慶州回想の記 2019年 1987年

6 南山

 

 

 一夜明けて、6時過ぎ、今朝は昨日と違って空気が乾燥している。遠くの山の緑も鮮やかだ。今日は南山に登ろうと思う。それならば、まず朝ごはんをきちんと食べなくてはならぬ。城東市場の食堂街へ行ってみる。まだ7時にもならない時間故、お客の姿は見えないが、店は準備万端整っている。どの店もおかずをカウンターに並べているので、品定めしながら一周して、比較的辛い物が少なそうな店にした。

 

 

 野草のような歯ごたえのある葉物野菜の和え物、固めの豆腐、松の実とナッツの和え物、沢ガニのキムチなどなど、皿に山盛りにする。ご飯は少な目、魚のだしがたっぷり効いた味噌汁、歯ごたえだけでなく味もしっかりとしたものが多い。食後にはヤクルトがつく。〆て7000ウォンで充電完了だ。

 

 市場の前から市内バスに乗る。南山への登山口はいくつもあるのだが、今回は西麓の三陵から登って、東側の統一殿に下ろうと思っている。南山の西側を走るバス路線は500番台である。系統がいくつもあるのは終点や経由地が少しずつ違うらしい。

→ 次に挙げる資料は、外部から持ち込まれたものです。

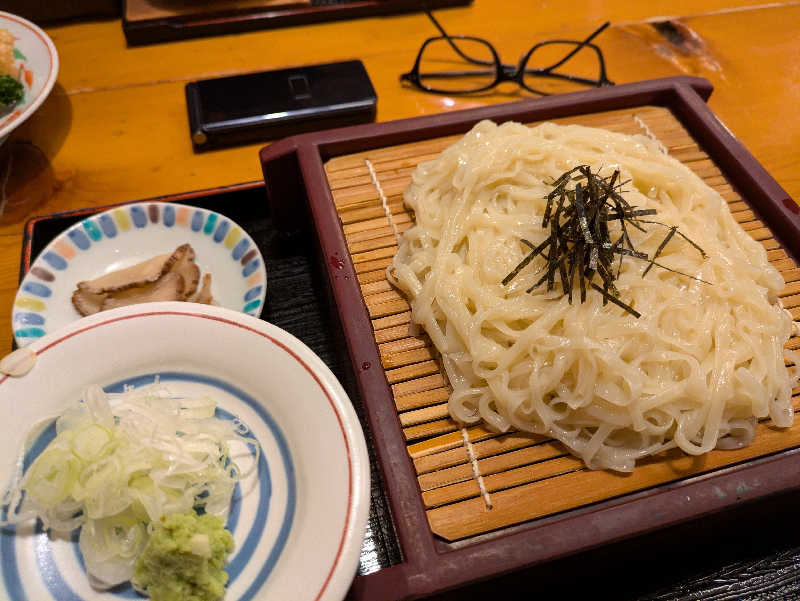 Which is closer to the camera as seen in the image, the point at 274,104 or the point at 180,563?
the point at 180,563

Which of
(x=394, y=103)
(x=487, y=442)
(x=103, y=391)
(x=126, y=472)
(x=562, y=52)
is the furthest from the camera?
(x=562, y=52)

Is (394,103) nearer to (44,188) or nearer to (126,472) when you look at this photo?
(44,188)

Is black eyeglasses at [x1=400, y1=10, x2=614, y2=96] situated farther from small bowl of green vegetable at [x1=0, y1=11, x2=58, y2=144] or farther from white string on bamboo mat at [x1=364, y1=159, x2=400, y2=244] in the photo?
small bowl of green vegetable at [x1=0, y1=11, x2=58, y2=144]

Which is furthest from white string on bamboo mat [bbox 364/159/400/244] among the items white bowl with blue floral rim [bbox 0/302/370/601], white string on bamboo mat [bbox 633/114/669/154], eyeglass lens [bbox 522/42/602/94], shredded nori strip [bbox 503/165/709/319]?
eyeglass lens [bbox 522/42/602/94]

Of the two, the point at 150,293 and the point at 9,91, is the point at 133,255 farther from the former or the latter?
the point at 9,91

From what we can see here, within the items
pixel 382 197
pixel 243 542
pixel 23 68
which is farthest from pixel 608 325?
pixel 23 68

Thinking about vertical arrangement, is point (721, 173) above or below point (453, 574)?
above

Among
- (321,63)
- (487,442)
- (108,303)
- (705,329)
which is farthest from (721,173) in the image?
(108,303)

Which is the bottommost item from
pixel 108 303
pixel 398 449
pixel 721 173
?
pixel 108 303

 ちょうどやって来た505系統に乗る。このバスは昨日歩いた皇理団キルを南下し、皇南洞古墳群に沿って走った。その先も、五稜、鮑石亭と過ぎて、三陵バス停で下車した。

 

 

 三陵も慶州の重要史跡のひとつであるにもかかわらず、バス停の周辺には案内板ひとつなく、松林の中に土の小径が伸びているだけである。その小道をたどると、程なく三連の円墳が現れた。ここにもシマリスがいる。

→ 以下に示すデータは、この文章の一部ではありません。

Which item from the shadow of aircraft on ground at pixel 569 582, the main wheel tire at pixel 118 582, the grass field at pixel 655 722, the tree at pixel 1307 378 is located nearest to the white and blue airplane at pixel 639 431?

 その先で道は二手に分かれるので左の道をとる。材木を敷いた道になるし、降りてくる人も登っていく人もちらほらいるから、道を間違えているわけではなさそうだ。さらに先へ行くとようやく案内板が現れた。

 

 

 

 

 岩床を水が舐めて行くような道を登っていくと、上仙庵(サンソンアム)にたどり着いた。案内板にエルミタージュとあったとおり、ここは山中の隠れ寺だ。しばし休憩。

 

 

 さらに上ると、摩崖仏とその向こうに兄山江の谷を望むところに出た。仏像は南面しているのか、ここからは慶州の市街は見えない。

 

 

 

 

 もう少し先まで行くと眺めの開けた場所が2カ所あって、そこからは古墳に囲まれた街並みを望むことができる。慶州の古墳は日本の巨大古墳に比べたら随分小さいと思っていたけれども、こうしてみると中小のビルと比べてもかなり大きい。それらの中で、昨日訪れたチョッセム遺跡館のドーム屋根が異様に目立っている。

 ここが登山道の白眉であって、標高468メートルの金鰲山頂からは全く展望が効かない。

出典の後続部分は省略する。